‘Dollar republic’ raises outside call stakes

North Korea’s security agency has been
tightening its web of surveillance on people that place outbound calls to
relatives in the South, but those exposed are often faced with demands for
bribes in place of criminal punishment. In some cases, the said payoffs reach
dizzying heights of up to 2,000 USD, Daily NK has learned.

“The state has been stepping up its
surveillance and wiretapping on mobile phone users to prevent information from
getting out of the country,” a source in Yangkang Province told Daily NK on
Tuesday. “But the State Security Department [SSD], which oversees the entire
operation, has been using this as an opportunity to take bribes from those
apprehended.”

He added, “A few days ago, a resident from
Kim Jong Suk County was caught by the provincial wire detection management
office (under the SSD) after having been monitored for talking with family
members that defected to South Korea.
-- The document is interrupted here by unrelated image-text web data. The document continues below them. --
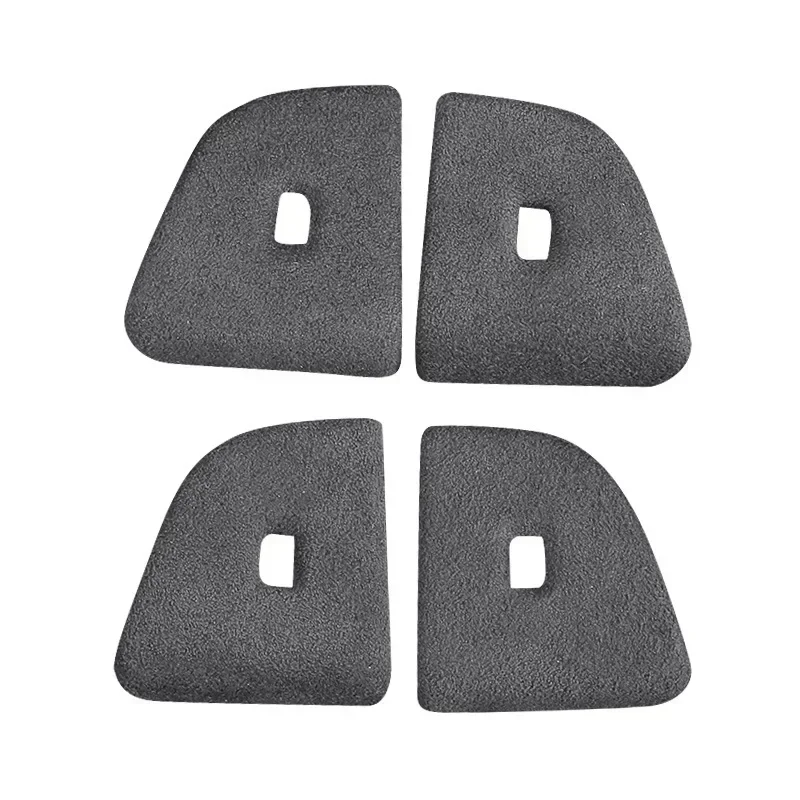 Изготовлен из алькантары замшевый дверной переключатель накладка Обложка для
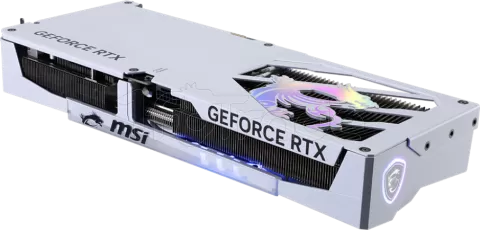 Photo de Carte Graphique MSI GeForce RTX 5080 Gaming Trio OC White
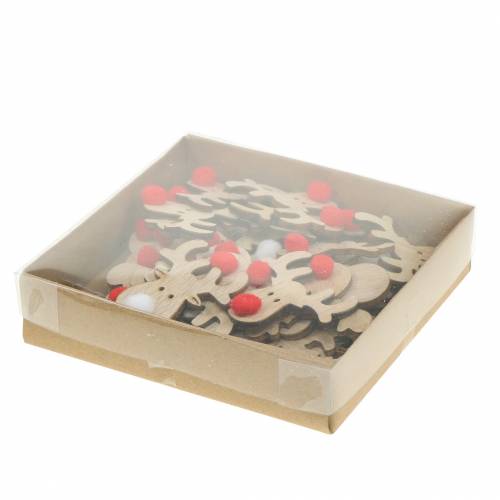 Floristik24 Losie hlavy deko roztrúsené drevo 4,5cm 36p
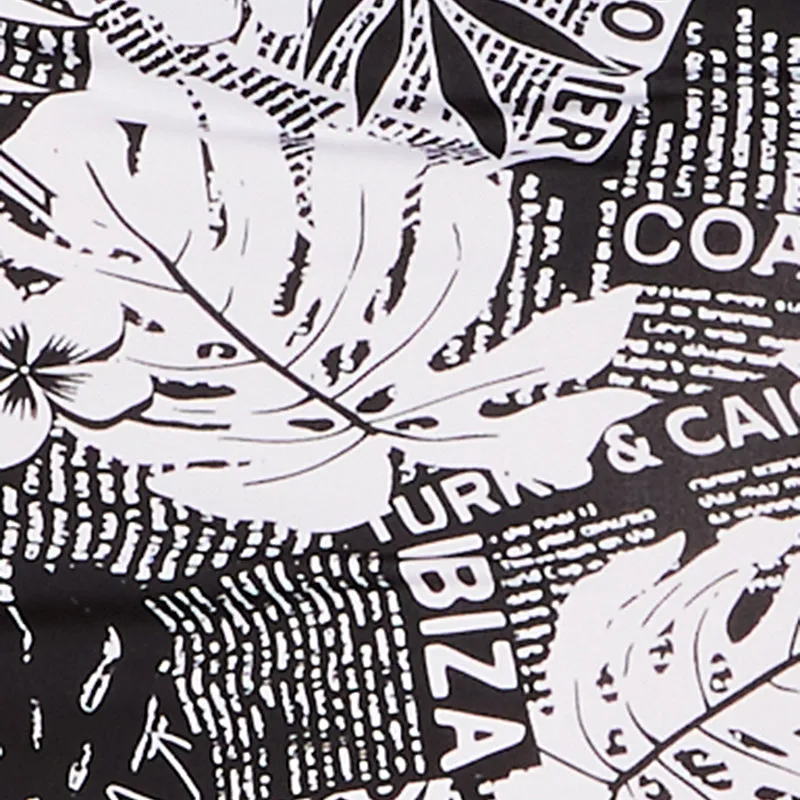 Plus Size Side Cut Out Tropical Destination Print Dress sold by Rainbow product image thumbnail 4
The individual was caught in the act and
taken away.” The fact that the SSD was overwhelmingly aware that this
individual did little more than exchange routine greetings with her family notwithstanding, she was held in custody for several days and then shipped off to the provincial
SSD office after she failed to meet their bribe demands.

“The wire detection office, which serves as
the primary surveillance department, waits for bribes after they expose someone
instead of handing them directly over to the SSD,” the source explained. “Those
who can offer payments on the spot are let go, but if not, they’re sent off in
a bid for officials to improve their track record.”

A consistent feature of Kim Jong Un’s time
in power has been a tighter grip on monitoring mobile phone calls, particularly
outbound ones, which are considered acts of leaking sensitive internal
information. Anyone caught for such crimes is transported to city and
provincial SSD anti-espionage departments. There, depending on their content of
their conversation on record, they are grouped into one of two criminal categories: economic or
political.

Those apprehended for placing calls to
China are branded economic criminals and sent to the local Ministry of People’s
Security [MPS] unit for processing and punishment; calling South Korea, however,
holds far graver implications. Individuals associated with this act are labeled
political criminals who have sold off information to the enemy, and are hauled
off to political prison camps or long-term re-education camps, particularly the
complex located in the Susong area of Chongjin City, North Hamkyung Province.

“One resident, interrogated for two months
by the anti-espionage department within the provincial SSD, explained that all
he did was ask his son (in South Korea) to send some money because things
were rough,” he said, adding that agents pounced on the chance to
profit on the South Korea stigma, demanding that he cough up 2,000 USD in bribes, despite knowing full well his phone call had nothing to do with conveying state secrets.

“One person who was handed down a
seven-year sentence at Susong Re-education Camp paid cadres at the
anti-espionage department, and only then was she sent to the MPS office as an economic criminal,” the source reported. “The MPS declared it a light economic crime, warranting three months in a labor-training camp.”

Long-term re-education camps are nothing
more than housing for those who cannot afford to meet the state’s
rampant level of corruption. “Money is above the law in the North, so it’s no
wonder people refer to the country as the ‘dollar republic,’” he concluded.